Winston (left) and Oliver (right)... still a little camera shy!

After years of wanting rats, it has finally happened! Here's how.

My 21st birthday was just a couple of weeks ago, and my boyfriend had been working on a surprise for me. At the time we had no pets and he knew how badly I had always wanted rats. On my birthday, he blindfolded me and drove me somewhere I didn't know (so it would be a surprise when we got there). We arrived at the location, where he led me to the back of his car (still blindfolded) and opened his trunk, right before taking my blindfold off. In his trunk was an entire array of rat accessories and a home for them. Everything we needed! I then saw where we were. The Humane Society, who had just received a litter of 5 week old baby rats. I couldn't believe it. After playing with them for a while, we settled on two baby boys, and I haven't been happier since. 

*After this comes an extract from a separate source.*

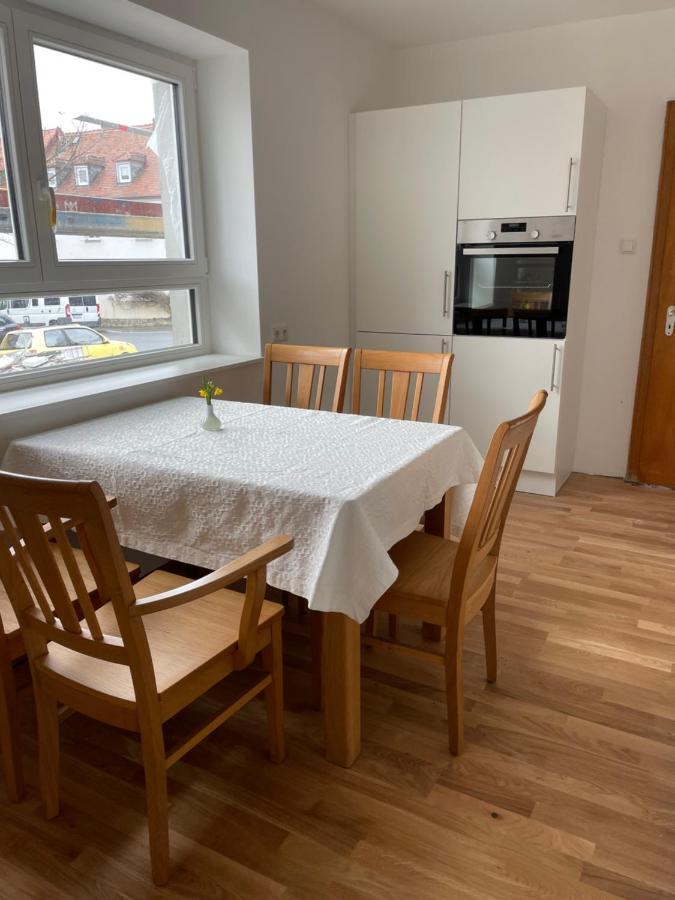 Peaceful Holiday Morningstar Apartment Вюрцбург Екстериор снимка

Oliver is a lot more outgoing than Winston, who is very bashful. Oliver is already giving me kisses and comes out of the cage and onto my arm when I open it. Winston is much more timid. I am hoping he becomes more outgoing in time!

They sleep together every night, and have been so responsive to handling. I am so in love.


----------



## Alethea (Jul 14, 2010)

That has to be the best birhtday present ever, especially since your boyfriend had all of this planned out and the way he carried it out. It's like a rat lovers fantasy lol. I am so glad that you finally got rats though, they are amazing pets. And the fact that you rescued them is amazing. It might take some time to get Winston out of his bashful stage, but I am sure with some extra love and care you will manage. And this forum is a great way to learn and expand your rattie knowledge :3 Hope to see you and your ratties around the forums :3


----------



## reasonedmelody (Dec 16, 2010)

You have the best boyfriend ever!! What beautiful boys!


----------



## AMJ087 (Aug 27, 2008)

They look so sweet!


----------



## VictorianVanity (Mar 18, 2010)

That is so wonderful, what an amazing gift. How creative and thoughtful of him! And what handsome boys.


----------



## OatmealandToby (Nov 21, 2010)

What an awesome story!! That is so sweet, and what handsome boys you have!


----------



## toby (May 11, 2009)

gorgeous boys.


----------